Thursday, 19 June 2008

Don't go dark!

Recently I found very interesting post of Jeff Atwood regarding developers and bad practice of going dark. It was so thought-provoking that I decided to write a few my opinions how it looks like within Cognifide. By going dark we should understand situation where developer is "locked in his room" for a long period of time implementing some piece of functionality until job is done. Definition of 'long period of time' will vary across different organisations. In our case, in ASP.NET team we try to manage granularity of tasks in way that new modules can be implemented in days. If implementation of some module is going to take 1 week then it's considered as a big task.
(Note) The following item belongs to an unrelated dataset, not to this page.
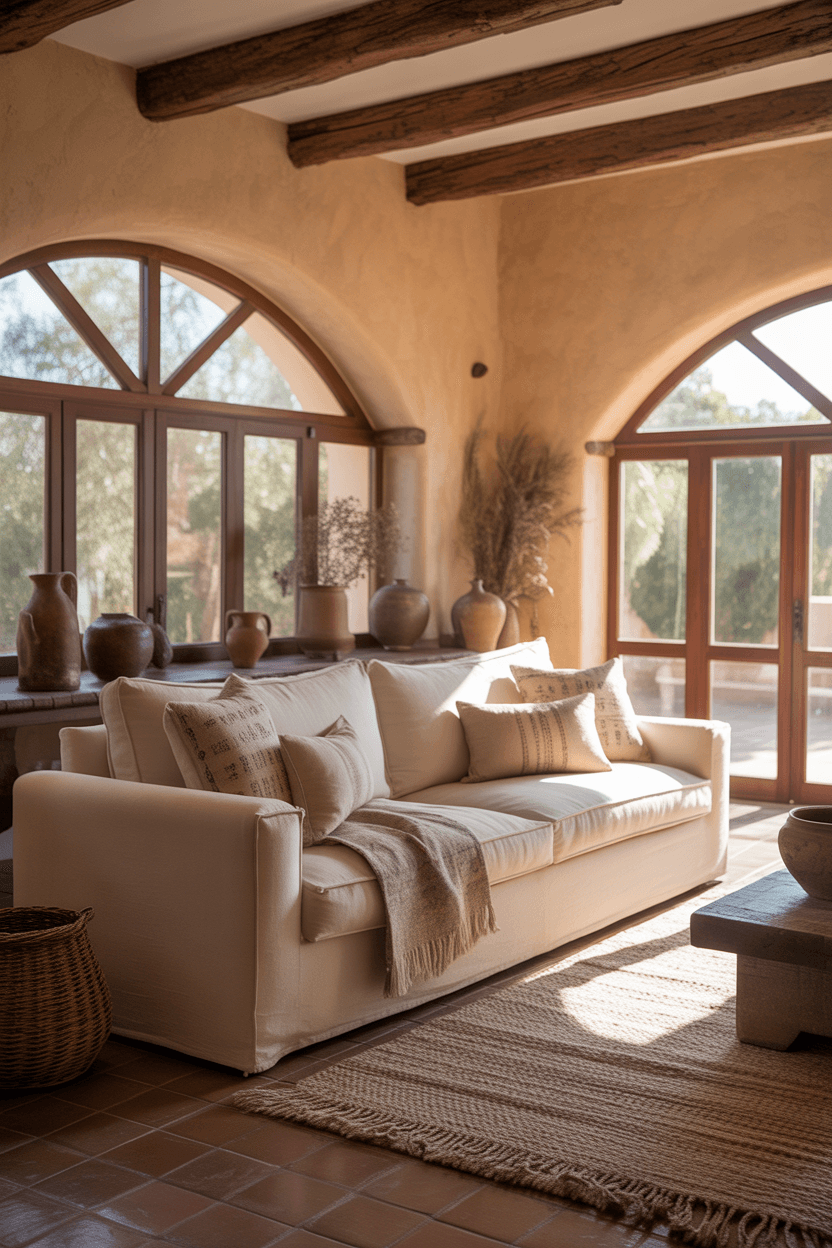 24 Warm Hacienda Style Living Room Ideas for Cozy and Timeless Décor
So going dark for us would mean that some developer is "locked" for longer then 1 week working on some gigantic feature. What's wrong with that?

Actually dropping such code-bomb can potentially create many problems:
  • if there was any bad design decision made then whole new feature can be rejected as it may not fit to main project design. Please note that while developer is in the dark working on his feature, main project keeps changing,
  • it's hard for other team members to understand and maintain new code
  • it's almost impossible to do code review

Fortunately for us, we use SCRUM to manage ongoing work. Daily meetings significantly reduce risk of going dark, so good for us! But is that enough to be happy about the process? Jeff pointed out two things:

"The brilliant developer must be capable of performing on a team,
making his work visible in modest increments and subjecting it to
scrutiny as it matures."


"Hiding your code until it's "done" may feel safer, but it isn't.
Sharing your ongoing code with your coworkers is scary, much less the
world -- but it also results in feedback and communication that will
improve your code and draw you closer to the project you're working on."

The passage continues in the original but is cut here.